When you get them,and looking for help, let me know. I've re-built about 10 pair so far.


----------



## Nuttin But Flyer (Dec 19, 2011)

F.N. -- Ever do any repairs to the controllers? I may have some down the road needing some attention and would like some pointers.


----------



## flyernut (Oct 31, 2010)

Nuttin But Flyer said:


> F.N. -- Ever do any repairs to the controllers? I may have some down the road needing some attention and would like some pointers.


I never had to take one apart yet. I've removed the shell of course, and the only weak link I can see in there is the spring working the levers.


----------



## midlifekrisiz (Jan 29, 2013)

THEY ARRIVED!!!!




took them downstairs and used 2 of them to complete my wye........I can go into the wye from the main but as soon as I throw one of the power switches to carry on into the top of the wye I have no power to the track.


----------



## midlifekrisiz (Jan 29, 2013)

midlifekrisiz said:


> THEY ARRIVED!!!!
> 
> 
> 
> ...


oh got it ....have to insulate track ....dunderhead


----------



## markjs (Dec 11, 2010)

midlifekrisiz,
I read on one of these threads that you can control one pair of switches with just one lever of a controller. Had something to do with connecting the colored wires from one switch to the same colored posts on the other switch. Throw the lever and both switches operated. Two levers = two pairs.
Mark

P.S. Check this out

https://www.youtube.com/watch?v=35E5hL9B1rM


----------



## flyernut (Oct 31, 2010)

markjs said:


> midlifekrisiz,
> I read on one of these threads that you can control one pair of switches with just one lever of a controller. Had something to do with connecting the colored wires from one switch to the same colored posts on the other switch. Throw the lever and both switches operated. Two levers = two pairs.
> Mark
> 
> ...


On this particular layout, I believe they're using track trips. The thread you're referring to is one I started a few weeks back.It indeed allows you to use one lever for 2 switches. It sure beats de-railments because you forgot to throw both switches.. Don't ask me how I know.


----------



## midlifekrisiz (Jan 29, 2013)

flyernut said:


> On this particular layout, I believe they're using track trips. The thread you're referring to is one I started a few weeks back.It indeed allows you to use one lever for 2 switches. It sure beats de-railments because you forgot to throw both switches.. Don't ask me how I know.


flyernut:
can you give me the link for that please and tell me what i am doing wrong to get my wye to work? I know it is shorting due to reverse polarity when i throw the switches but not quite sure how to wire it up to stop doing that


----------



## flyernut (Oct 31, 2010)

midlifekrisiz said:


> flyernut:
> can you give me the link for that please and tell me what i am doing wrong to get my wye to work?

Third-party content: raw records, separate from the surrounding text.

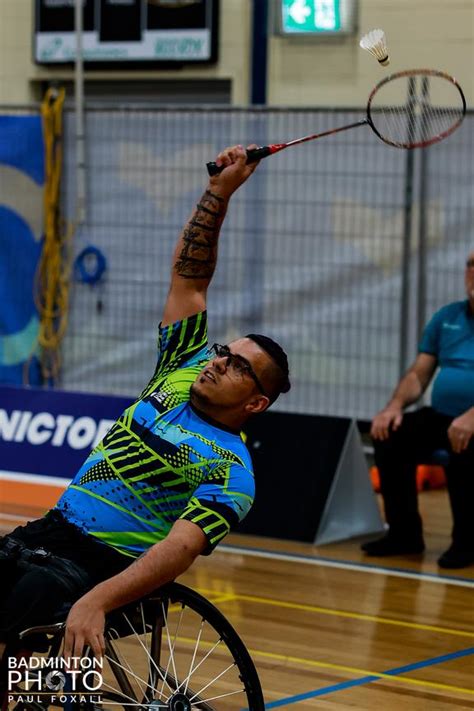 Badmintonphoto Western Australia Para Badminton Championships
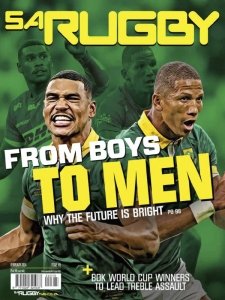 SA RUGBY - 02.2024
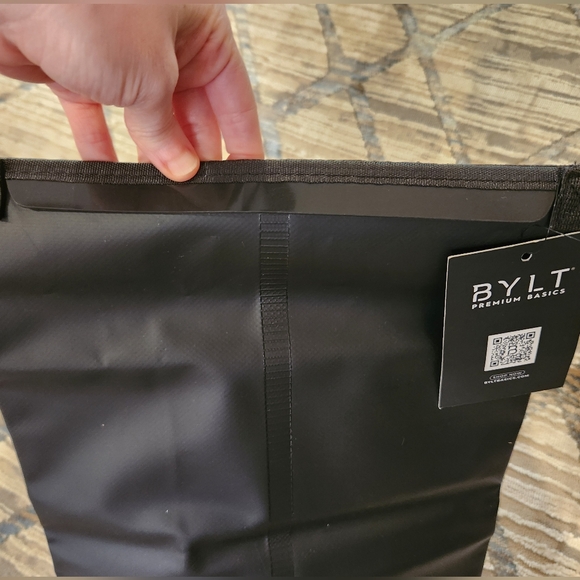 BYLT Premium Basics BIOS Dry Bag, Black, NWT - Picture 5 of 8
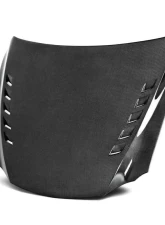 Seibon BT-Style Carbon Fiber Hood Lexus IS200t | IS250 | IS300 | IS350 2014-2020                                     - HD14LXIS-BT - Image 5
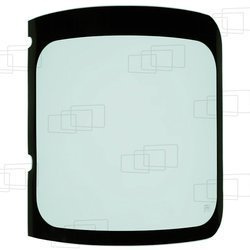 szyba Case, Kobelco, New Holland - tylna  PW02C01205P2, 72280850 (3511)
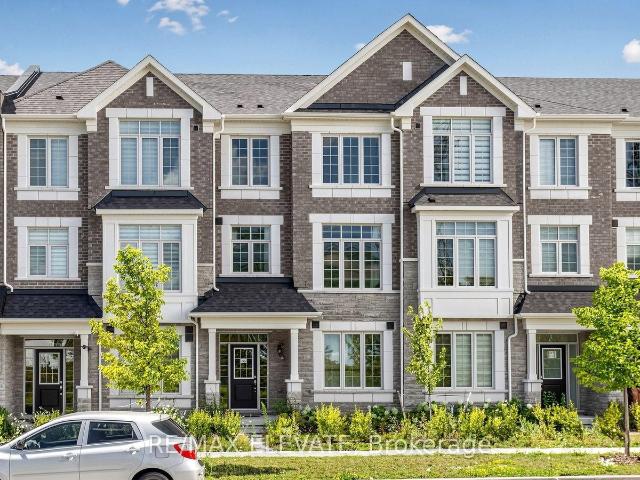 265 Kirkham Drive, Markham | 3Beds/4Bath, Townhouse, $999,900 | Condos. Ca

I know it is shorting due to reverse polarity when i throw the switches but not quite sure how to wire it up to stop doing that


Because of the 2 rail track, you have to have special attachments to make a "wye". Give me a few minutes, and I'll send out a download/diagram of how to do the "wye".


----------



## flyernut (Oct 31, 2010)

Here ya go....


----------



## midlifekrisiz (Jan 29, 2013)

hmmmm ok ....so can i just run jumpers after doing the gaps and still use just the one controller or do I now need 2?


----------



## flyernut (Oct 31, 2010)

I would think one transformer. The reverse polarity switch should do all the work. I've never tried this so you're on your own, lol. The best I could offer was the diagram. Maybe youtube would show a working model? Or contact Doug peck at portlines...


----------



## midlifekrisiz (Jan 29, 2013)

a reverse polarity switch you say ok will research that ....thanks


----------



## Nuttin But Flyer (Dec 19, 2011)

Not sure how many controllers you will need for this project, but I have been able to find controllers at various shows -- never spend more than $15 a piece depending on condition. One thing you should know, there were two types of controls Gilbert made -- the older style has only two positions for the levers. You will notice this when you move them. The newer style has an "off or neutral" setting centered between the other two positions. Word of caution, the older switch controls cannot be used with the newer style switches. Those controls will continually power the solenoid inside the switch because of that 2-position lever and eventually burn out the coil. The newer switch control can be used with the older switches -- the off/neutral position has no affect on the coils.


----------



## midlifekrisiz (Jan 29, 2013)

Nuttin But Flyer said:


> Not sure how many controllers you will need for this project, but I have been able to find controllers at various shows -- never spend more than $15 a piece depending on condition. One thing you should know, there were two types of controls Gilbert made -- the older style has only two positions for the levers. You will notice this when you move them. The newer style has an "off or neutral" setting centered between the other two positions. Word of caution, the older switch controls cannot be used with the newer style switches. Those controls will continually power the solenoid inside the switch because of that 2-position lever and eventually burn out the coil. The newer switch control can be used with the older switches -- the off/neutral position has no affect on the coils.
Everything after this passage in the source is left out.